Но стоит указать на еще один момент, вырастающий из наблюдений Курганова. Для Курганова принятие официального православия кажется омертвением Версилова. Продолжу рассуждение исследователя: «Как русские великие князья, чувствуя приближенье смерти, уходили в монастырь, так и Версилов рубит раскольничью икону и наконец-то воссоединяется со святой матерью Аркадия Долгорукого (недаром он часто целует ее портрет как икону и внутренне просветляется), воссоединяется тем самым с православной церковью, обрывая насильственно живые силы своей натуры»[563]. Для автора данного исследования сопряжение Версилова с официальной церковью означает конец личностной энергийности героя; став инертным, безвольным, покорным, он обращается в лоно православной церкви, но сам же Курганов замечает, что официальные обряды не для Версилова, он их в итоге не принимает. На самом деле здесь, на мой взгляд, едва ли не в первый раз до соловьёвских идей о Софии, породивших софийную струю русской мысли, с огромной художественной силой изображен путь к православной софийности (Версилов целует портрет Софьи как икону). Скорее всего, это был один из путей выхода из российского религиозного кризиса, к которому присматривался как к духовной возможности Достоевский. Хотя, как показал исторический опыт, он оказался не менее утопическим, нежели все иные пути, предложенные великой русской литературой.

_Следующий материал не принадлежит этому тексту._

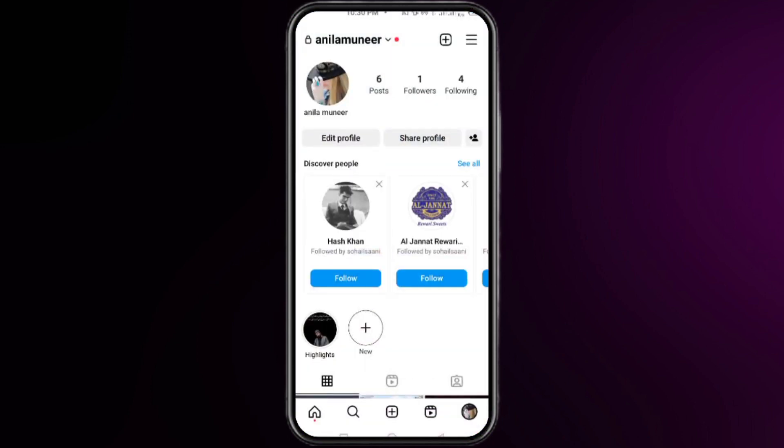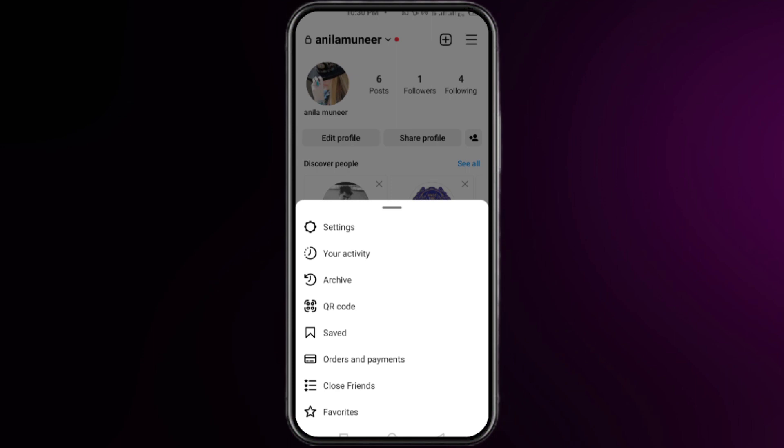Here you have to click on your profile icon at the bottom right, and then click on the three lines at the top right corner. Now click on settings.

6. Идея как основа трагедии Версилова
И, надо сказать, что и к Богу Подростка приводит не Макар, а Версилов. Напомню замечательный их разговор, когда Подросток спрашивает:
«…я хочу знать, что именно мне делать и как мне жить?
– Что тебе делать, мой милый? Будь честен, никогда не лги, не пожелай дому ближнего своего, одним словом, прочти десять заповедей: там всё это навеки написано. <…>
– Вы только смеетесь! И притом, что я один-то сделаю с вашими десятью заповедями?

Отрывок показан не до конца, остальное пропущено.